Linda Babcock is the James M. Walton Professor of Economics and Chair of the Department of Social and Decision Sciences at Carnegie Mellon University. She is the founder and faculty director of the Program for Research and Outreach on Gender Equity in Society (PROGRESS) and the CMU Leadership and Negotiation Academy for Women.  Babcock's degrees include a BA in Economics from the University of California at Irvine and an MA and Ph.D. in Economics from the University of Wisconsin at Madison.  She is a member of the Russell Sage Foundation’s Behavioral Economics Roundtable and has served on the economics review panel for the National Science Foundation.  She has been a visiting professor at the University of Chicago's Graduate School of Business, the Harvard Business School, and the California Institute of Technology.
    Babcock’s 2003 book, Women Don’t Ask: Negotiation and the Gender Divide was named by Fortune Magazine as one of the 75 smartest business books of all time.  This book also was an Honorable Mention for the Independent Publisher Book Awards and Biz Journal’s top 20 most important business books ever written.  In 1991 and 2001 she received the Heinz School's award for teaching excellence.  

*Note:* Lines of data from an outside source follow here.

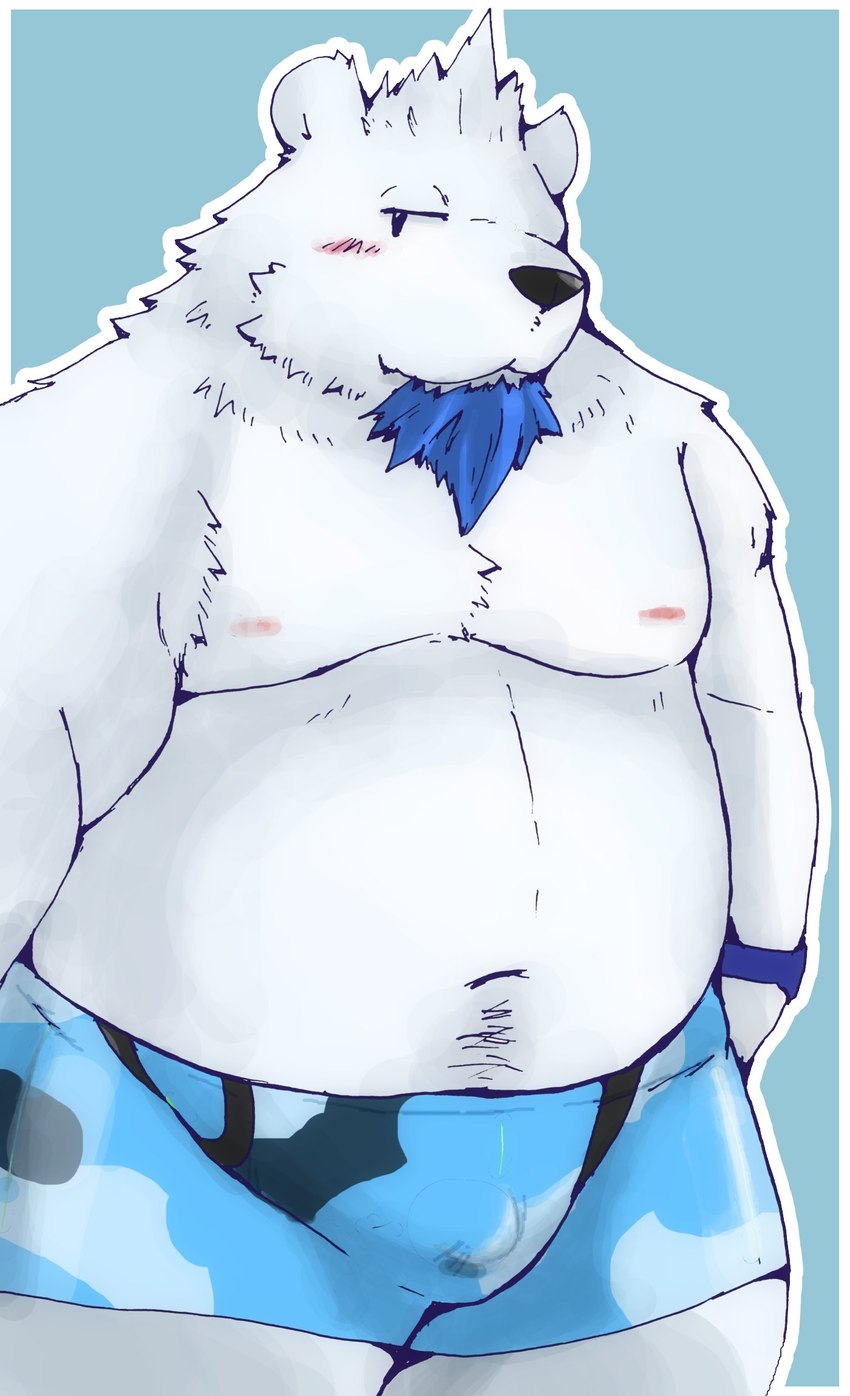 anthro belly big_belly black_nose blush bulge clothing fur kemono male moobs navel nipples overweight overweight_male solo underwear white_body white_fur snow_utamaru nintendo pokemon beartic generation_5_pokemon pokemon_(species) 2023 hi_res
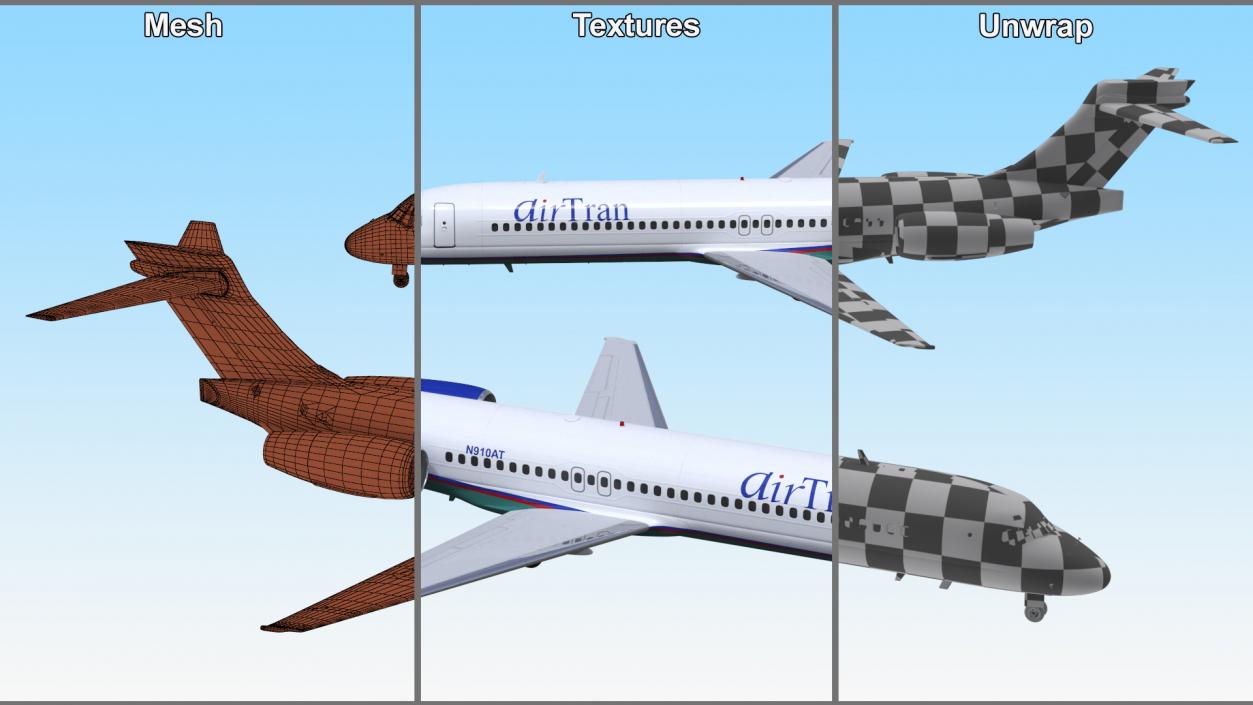 3D Boeing 717 AirTran Airways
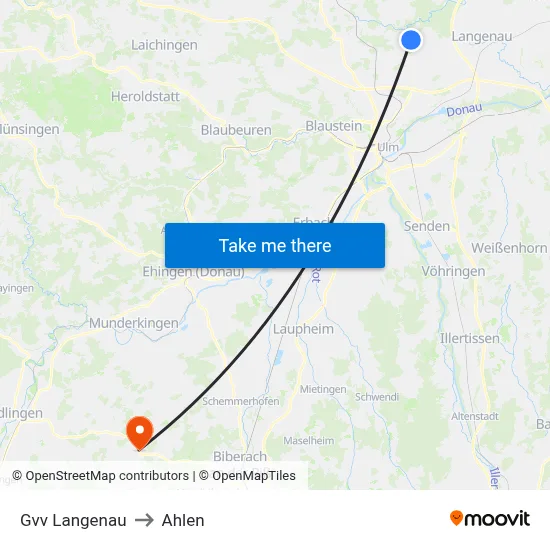 Gvv Langenau to Ahlen map
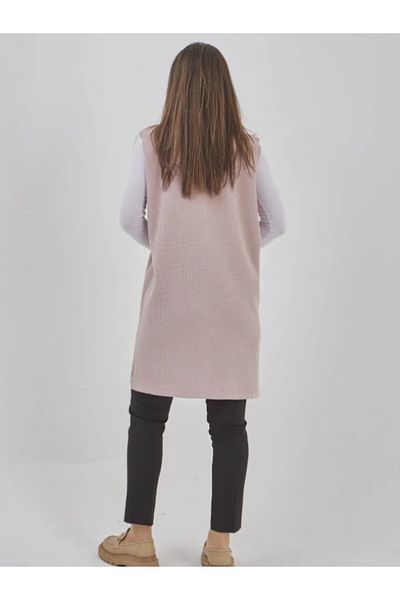Stilmony Women's Long Seasonal Knitwear Lycra Pocket Button Detailed Casual Vest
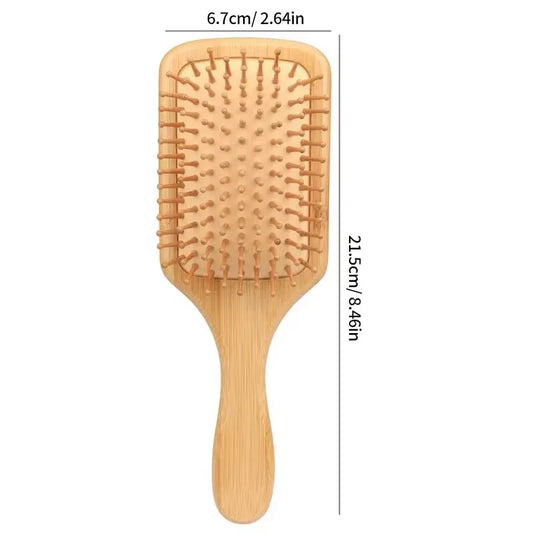 Solid wood biodegradable Bamboo air cushion brush  – Eco-friendly, natural & scalp-massaging hair care 🌿✨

    Babcock’s research is conducted at the interface between economics and psychology. Her recent work focuses on barriers to women in the workplace.  Her research has appeared in the most prestigious economics, industrial relations, psychology, organizational behavior, and law journals. Her research has been discussed in hundreds of newspapers and magazines in the U.S. and abroad and she has appeared on numerous national television and radio programs discussing her work. She has received numerous research grants from the National Science Foundation.